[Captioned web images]
....................
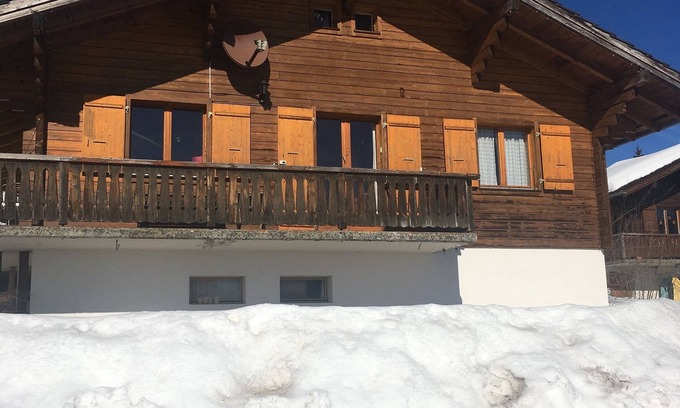Leysin Ski Chalet | Cozy and cozy cottage with superb mountain views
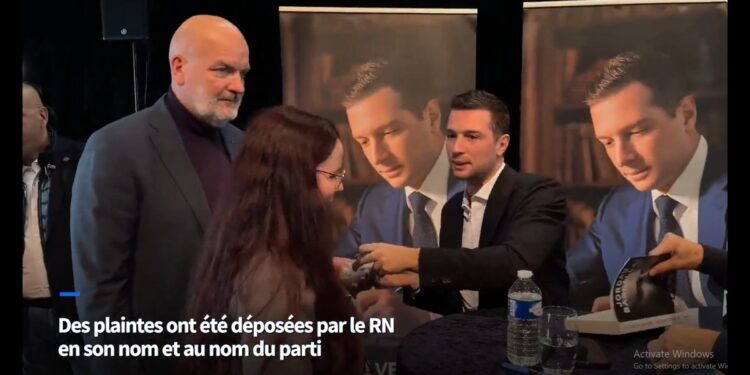 Žordan Bardela, lice francuske desnice, napadnut jajetom u kampanji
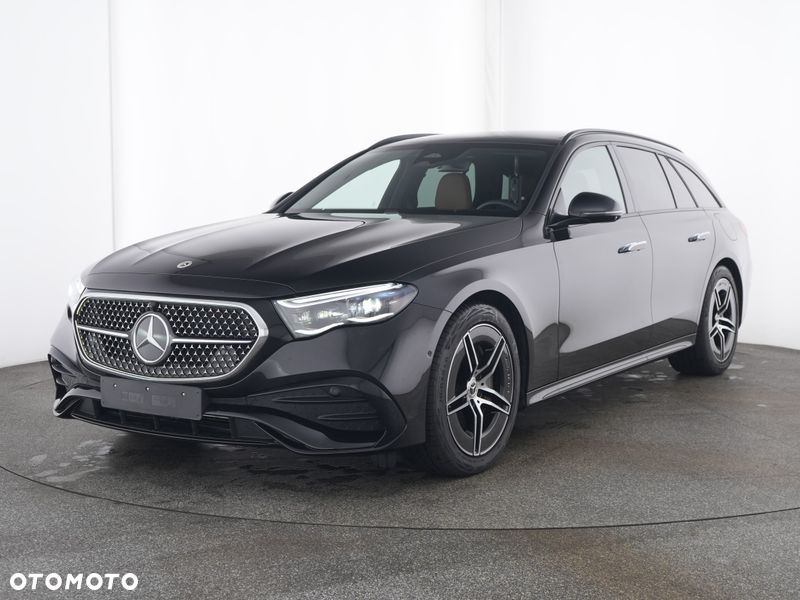 Mercedes-Benz Klasa E 300 de PHEV 4-Matic AMG 9G-Tronic - 3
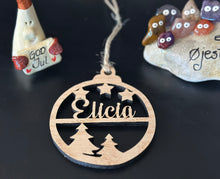 Load image into Gallery viewer, Julekugle med navn i 7 mm eg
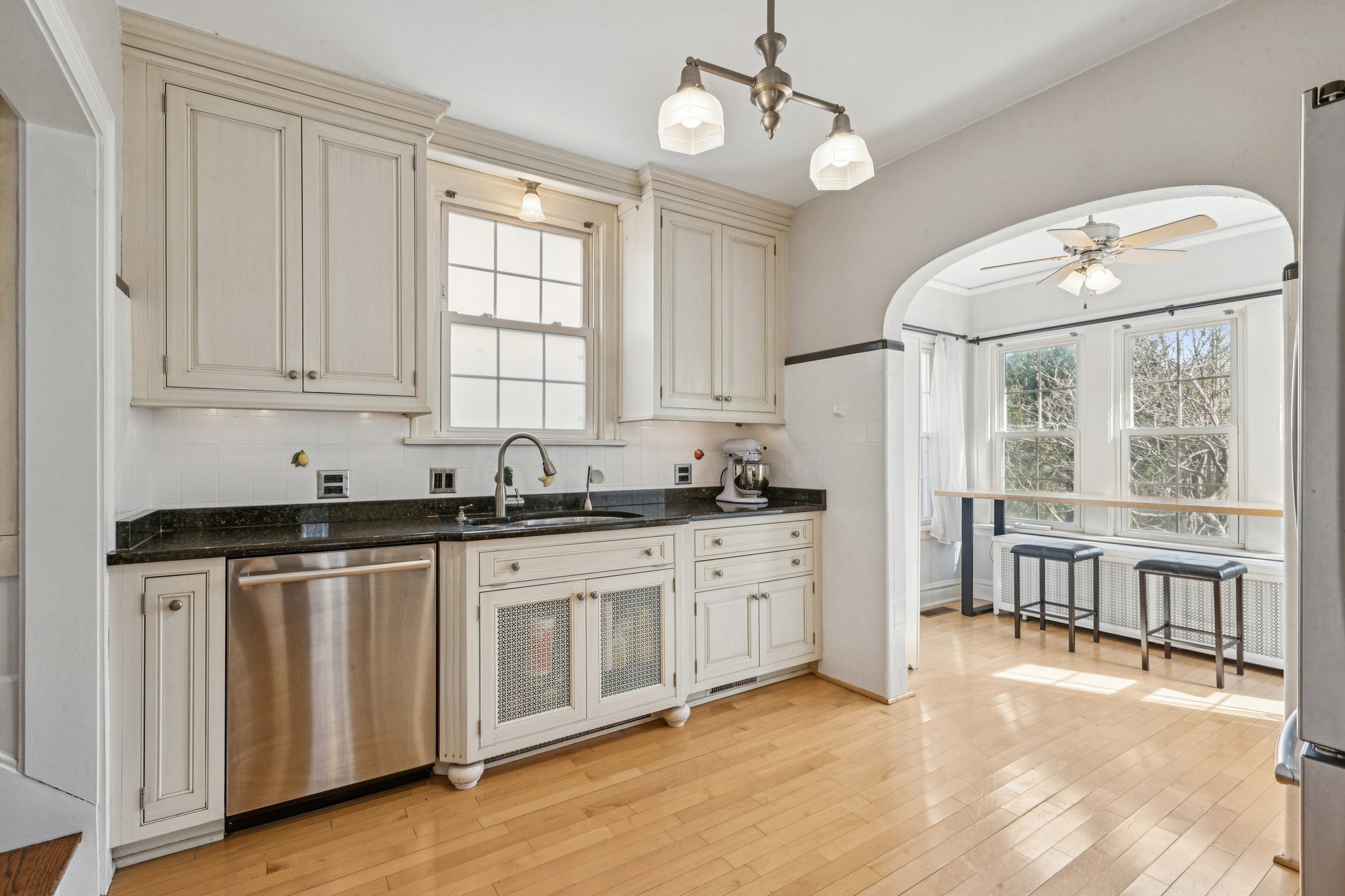 N Oak Park Ave-S2103-017.jpg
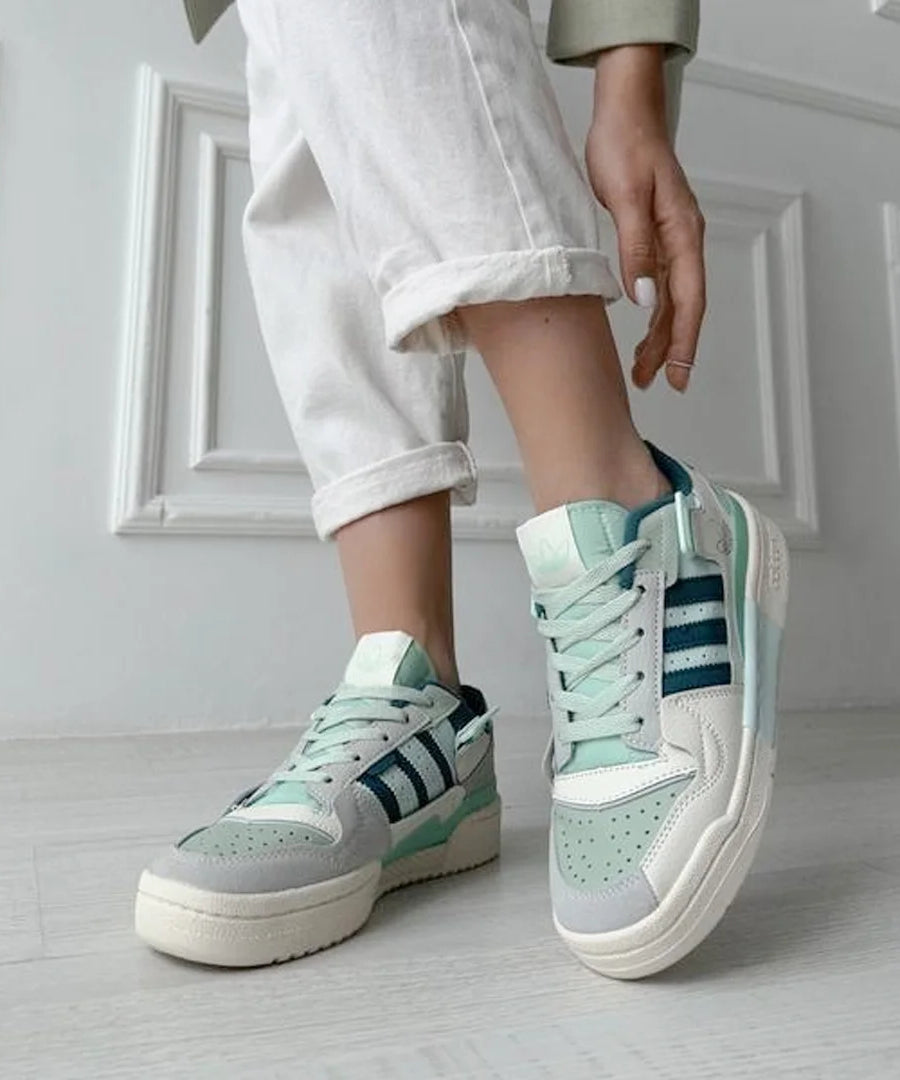 سنيكرز نسائي كلاسيك ملوّن من Adidas – Forum Low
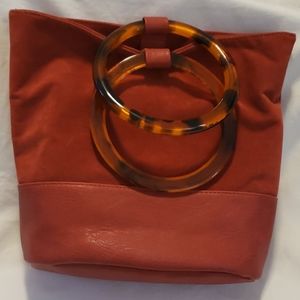 Autumn suede purse with straps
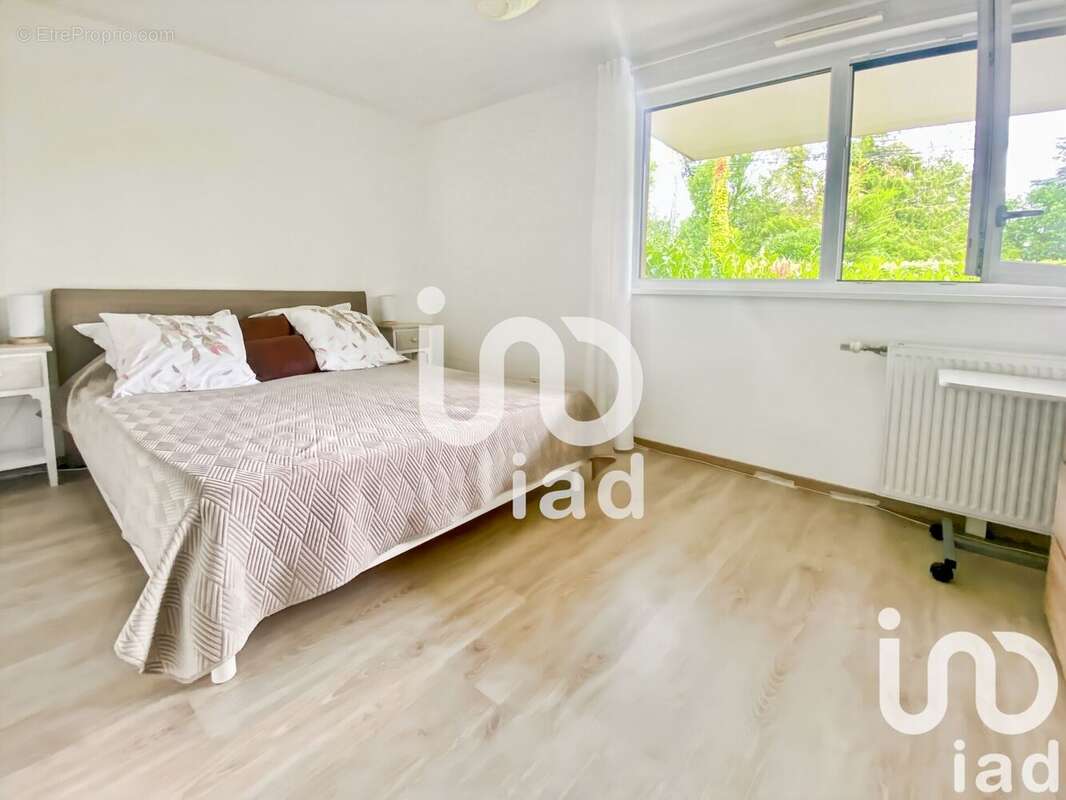 Photo 2 - Appartement à COMBS-LA-VILLE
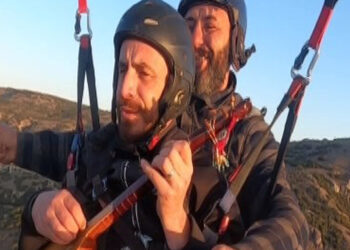 Sabri Özdemir, havada cura çalıp türkü söyledi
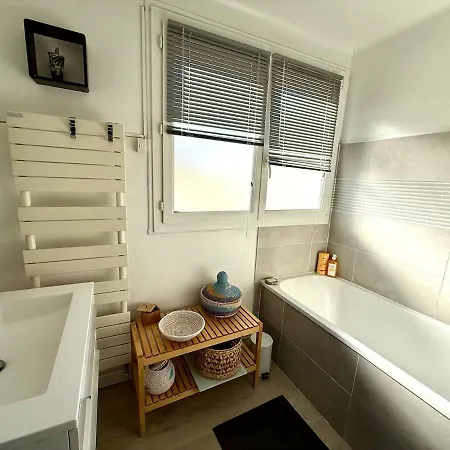 Appartement Le Bohème - 3 Chambres, Climatisation&parking Nîmes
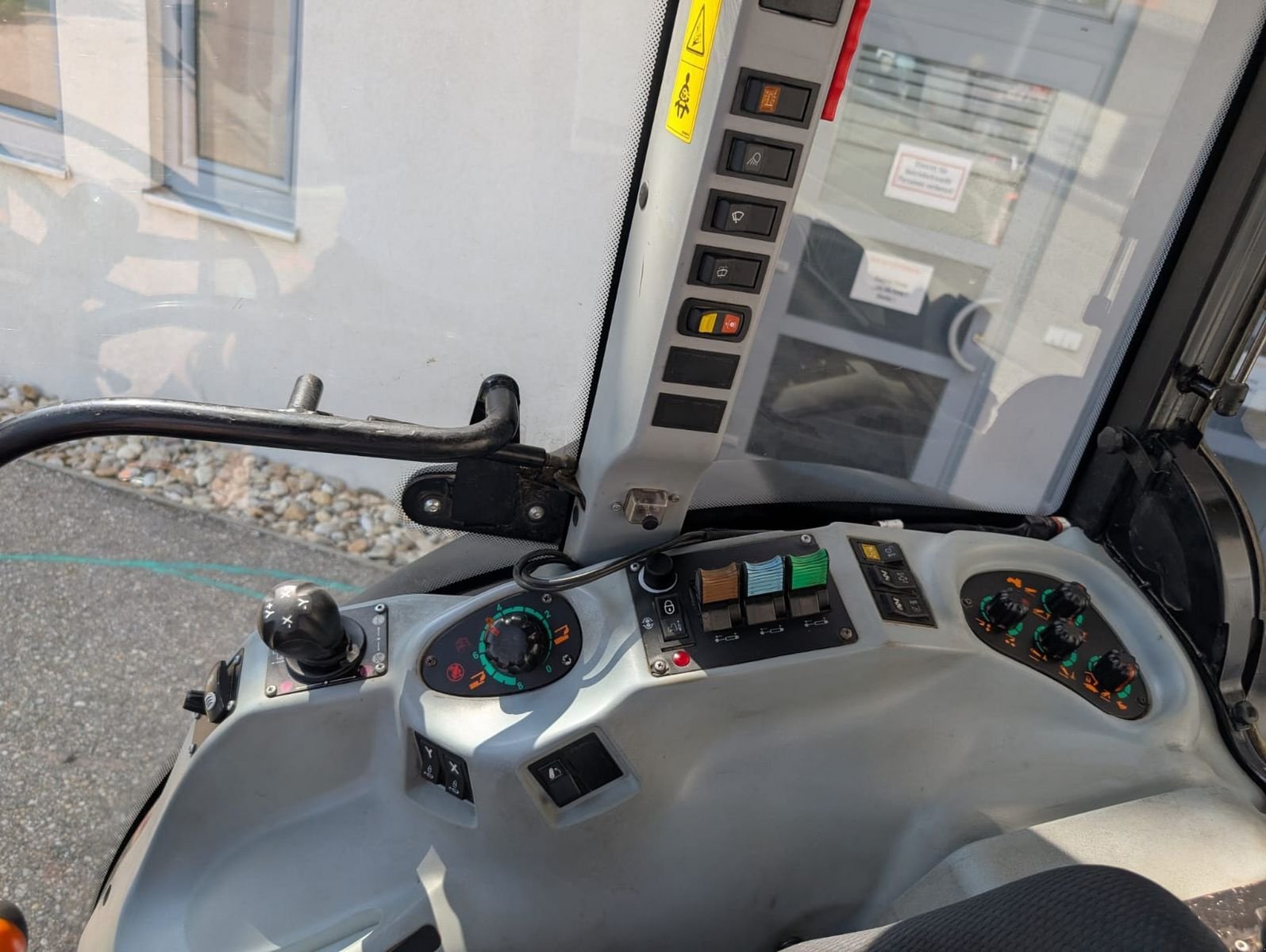 Traktor of the type New Holland T4.90 F, Gebrauchtmaschine in Harmannsdorf-Rückersdorf (Picture 12)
....................
What you need to do :: Your answer should be the lines above from the one that contains "N Oak Park Ave-S2103-017.jpg" through the last, set down exactly, with the pictures removed.

Solution for this exercise ::
 N Oak Park Ave-S2103-017.jpg
 سنيكرز نسائي كلاسيك ملوّن من Adidas – Forum Low
 Autumn suede purse with straps
 Photo 2 - Appartement à COMBS-LA-VILLE
 Sabri Özdemir, havada cura çalıp türkü söyledi
 Appartement Le Bohème - 3 Chambres, Climatisation&parking Nîmes
 Traktor of the type New Holland T4.90 F, Gebrauchtmaschine in Harmannsdorf-Rückersdorf (Picture 12)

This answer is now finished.